In the movie, the world is shocked when 12 mysterious ovoid spaceships arrive at various points around the planet, hanging in the sky. One of them is over American soil, so the government decides it needs to know what’s going on. Inside the ship are two aliens – which look like a cross between trees and octopuses – but there’s no way to communicate with them.
They call in a team, including linguist Louise Banks (Amy Adams), to try to work out how to talk to the visitors to find out why they’re there. This proves complex, with Louise needing to figure out both how the creatures communicate and how their written language works. This is complicated by the fact that the other ships are in other countries, and while initially the nations work together, as fear grows over what the aliens’ intentions are, things begins to break down.

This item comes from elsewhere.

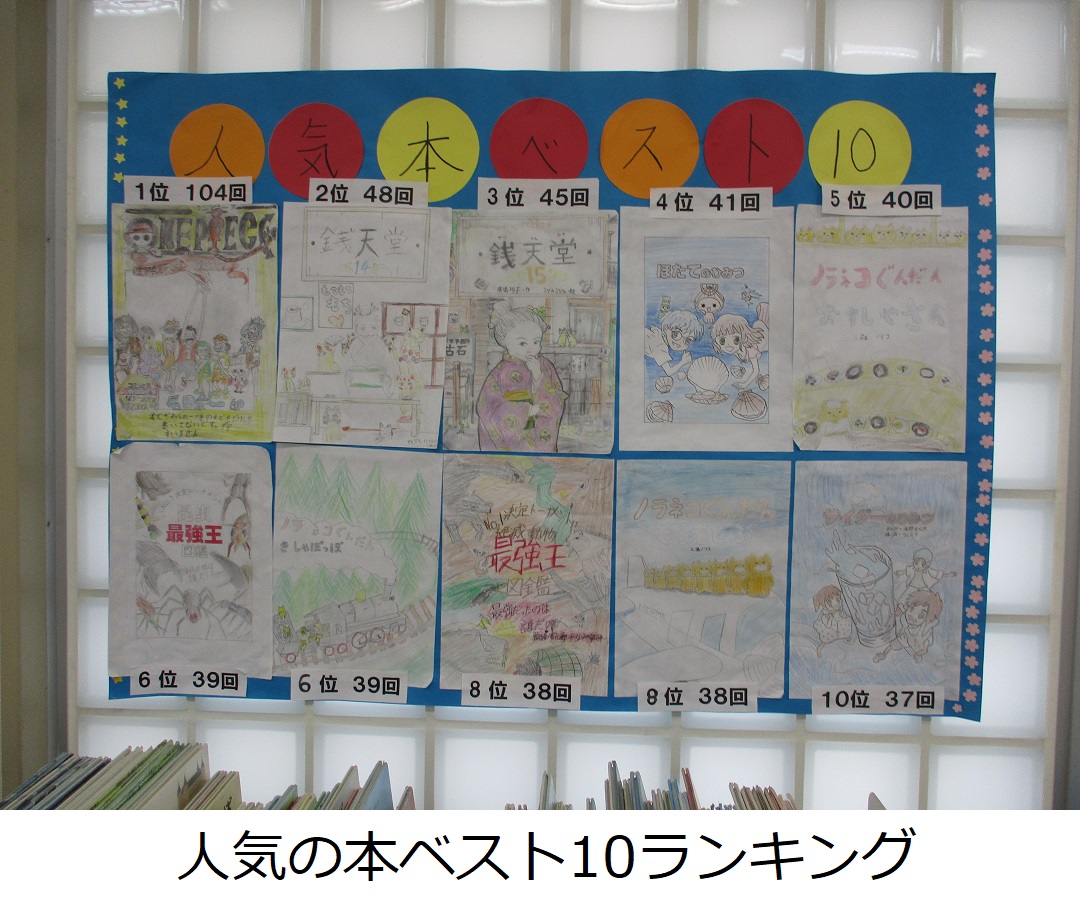 【川柳小】人気の本ベスト10ランキング.JPG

As Louise gets closer to some answers, she also has to make some decisions about the death of her daughter.
Arrival is an intriguing and unusual major Hollywood movie, which is more interested in ideas and science than non-stop action. It certainly builds tension and excitement, but does it more through character and concepts than action and explosions. That’s not to say there aren’t some more traditional story elements – much of which involves Forest Whitaker and Michael Stuhlbarg being stock G-men who want answers and distrusts everything – but the central spine of the movie is the difficulty of communication, and how time and memory work.
The thing that really helps it stands out is the narrative turnaround it does towards the end, which makes you re-evaluate what you’ve just seen. Without it, it would be a good film, but probably not one that would have troubled the Oscar voters. With it, it becomes far more interesting and thought provoking, and perhaps most smartly, the way the ‘twist’ works, actually works thematically for what it’s talking about, so doesn’t come across a gimmicky or contrived. It does take a little mental gymnastics to work out exactly what it’s talking about, but it’s good.
It also looks great, with lots of time spent of the look of the aliens, the spaceships and the spaces the interactions take place in. The way it’s filmed helps add to the tension, to create something that slowly pulls you further and further in, as it presents more and more fascinating questions. It helps too that Amy Adams puts in a great performance in a role that it absolutely central to the movie’s success.
Those interested in the ideas and science, will be pleased to hear that the special features include some featurettes involving scientists and the filmmakers talking about the concepts and how they work. That includes things such as the need to create a particular form of language for the movie, and how the human mind is just our way of looking at the universe and how other forms of life could see things in vastly different ways.
Overall Verdict: An intriguing and thought-provoking movie, that breaks the mould of sci-fi by not needing an endless parade of action, or indeed the assumption that aliens will automatically want to kill us all.